We have called modifications in a reference-anchored manner in the previous session. Our goal in the next few sessions is to introduce several tools that can be utilized to analyze modifications and show some sample ways in which they can be executed. The experimentalist must decide whether to use these tools, how to run these tools, and/or whether new tools are needed depending on their experiment. Some of these tools will work irrespective of whether we use a reference-dependent or reference-independent approach to call modifications. We are at the ‘further analysis’ stage on our pipeline figure below.
In this session, we will visualize modification data in mod BAM files (see figure below) using (1) genome
browsers (left) where we can rapidly scan data visually across different reads and different
regions on the genome, and (2) custom scripts (right) which allow us to see modification
density versus coordinate one read at a time.
We will discuss another visualization tool
modbamtools
which produces visualizations such as
these
in a session tomorrow.
Either visualization has its strengths and weaknesses, which is why it is good to know how to do both. Genome browsers give you an overall idea and one can zoom in to regions on the genome and see data across multiple reads. But, beyond recognizing which regions are highly modified on a read (green) and which regions are not (grey), one cannot pick out any details of modification density such as gradients as there is no interpolation between the two colours to show any intermediary densities. Genome browsers cannot be used in a reference-unanchored workflow as they need a reference genome to produce visualizations. A related problem is that genome browsers ignore sections on reads corresponding to inserts i.e. sequences on the read which do not map to the genome.
On the right, we have plotted a read using a custom script, which shows raw modification data (grey) and windowed modification data (red). Here, we can see details per read but we cannot see multiple reads at the same time. We can visualize reads in a reference-dependent or reference-independent manner. We can also visualize one type of modification at a time if our file has multiple types of modifications on the same base. Genome browsers can visualize multiple modifications on the same base in some cases like 5mC and 5hmC.
We will explore the details of these visualizations and how to make them in this session. In the next session on manipulation of modification data, we will discuss how to do the equivalent of some of the analyses that goes on behind the scenes to make these visualizations (subsetting, thresholding, pileup, etc.) so that we can incorporate the commands in our own scripts.

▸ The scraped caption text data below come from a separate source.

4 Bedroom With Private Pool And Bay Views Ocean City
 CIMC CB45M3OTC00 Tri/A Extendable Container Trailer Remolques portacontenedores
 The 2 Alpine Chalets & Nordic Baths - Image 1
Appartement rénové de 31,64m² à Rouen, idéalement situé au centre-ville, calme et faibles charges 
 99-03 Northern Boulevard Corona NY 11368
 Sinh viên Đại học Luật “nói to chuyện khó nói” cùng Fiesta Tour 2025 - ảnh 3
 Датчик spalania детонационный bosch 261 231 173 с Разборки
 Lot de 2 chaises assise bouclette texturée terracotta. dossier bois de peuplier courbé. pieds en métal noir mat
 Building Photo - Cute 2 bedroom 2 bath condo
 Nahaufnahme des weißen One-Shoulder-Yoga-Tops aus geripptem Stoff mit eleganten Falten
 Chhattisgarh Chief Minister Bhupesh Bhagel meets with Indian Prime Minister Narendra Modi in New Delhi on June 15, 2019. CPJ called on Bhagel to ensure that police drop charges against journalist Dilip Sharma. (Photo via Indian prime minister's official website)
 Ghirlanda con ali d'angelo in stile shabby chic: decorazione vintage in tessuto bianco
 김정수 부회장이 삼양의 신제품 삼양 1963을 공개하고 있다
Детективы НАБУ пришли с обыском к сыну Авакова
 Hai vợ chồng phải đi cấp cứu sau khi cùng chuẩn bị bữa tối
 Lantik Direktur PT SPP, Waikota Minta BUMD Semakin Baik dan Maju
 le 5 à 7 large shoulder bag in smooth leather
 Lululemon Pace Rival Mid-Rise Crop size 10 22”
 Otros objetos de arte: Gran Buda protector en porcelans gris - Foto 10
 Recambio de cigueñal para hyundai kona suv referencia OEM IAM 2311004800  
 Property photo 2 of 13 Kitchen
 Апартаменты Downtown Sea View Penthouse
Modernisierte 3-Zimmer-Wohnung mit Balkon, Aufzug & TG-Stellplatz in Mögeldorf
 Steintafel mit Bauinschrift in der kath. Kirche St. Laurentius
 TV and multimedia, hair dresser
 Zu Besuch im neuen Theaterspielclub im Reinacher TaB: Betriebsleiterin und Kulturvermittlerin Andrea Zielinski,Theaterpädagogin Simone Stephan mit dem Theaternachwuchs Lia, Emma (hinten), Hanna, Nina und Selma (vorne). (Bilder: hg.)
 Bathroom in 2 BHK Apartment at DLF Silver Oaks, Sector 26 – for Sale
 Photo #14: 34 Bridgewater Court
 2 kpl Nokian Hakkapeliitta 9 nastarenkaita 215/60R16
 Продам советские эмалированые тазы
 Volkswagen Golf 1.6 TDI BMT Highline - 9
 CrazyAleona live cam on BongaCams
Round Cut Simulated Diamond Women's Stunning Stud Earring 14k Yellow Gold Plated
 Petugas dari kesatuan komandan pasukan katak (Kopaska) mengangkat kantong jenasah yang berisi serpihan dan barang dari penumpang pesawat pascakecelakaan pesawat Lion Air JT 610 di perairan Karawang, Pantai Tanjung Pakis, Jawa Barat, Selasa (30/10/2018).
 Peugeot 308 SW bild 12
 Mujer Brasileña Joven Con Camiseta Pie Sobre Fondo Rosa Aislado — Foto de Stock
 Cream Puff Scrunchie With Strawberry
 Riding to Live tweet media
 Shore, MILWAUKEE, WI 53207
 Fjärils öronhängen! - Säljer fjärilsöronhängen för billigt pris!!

Visualizing modification calls with IGV
Loading a mod BAM file
Let us open IGV on the virtual machines using the instructions from the figure below, like we did in the alignment session. If you are a self-study student, please open IGV on your computer.
Let us load the sacCer3 genome and the mod BAM file produced from the yeast dataset in the modification calling session following the instructions in the figures below.
You should see two tracks immediately below the reference genome on top.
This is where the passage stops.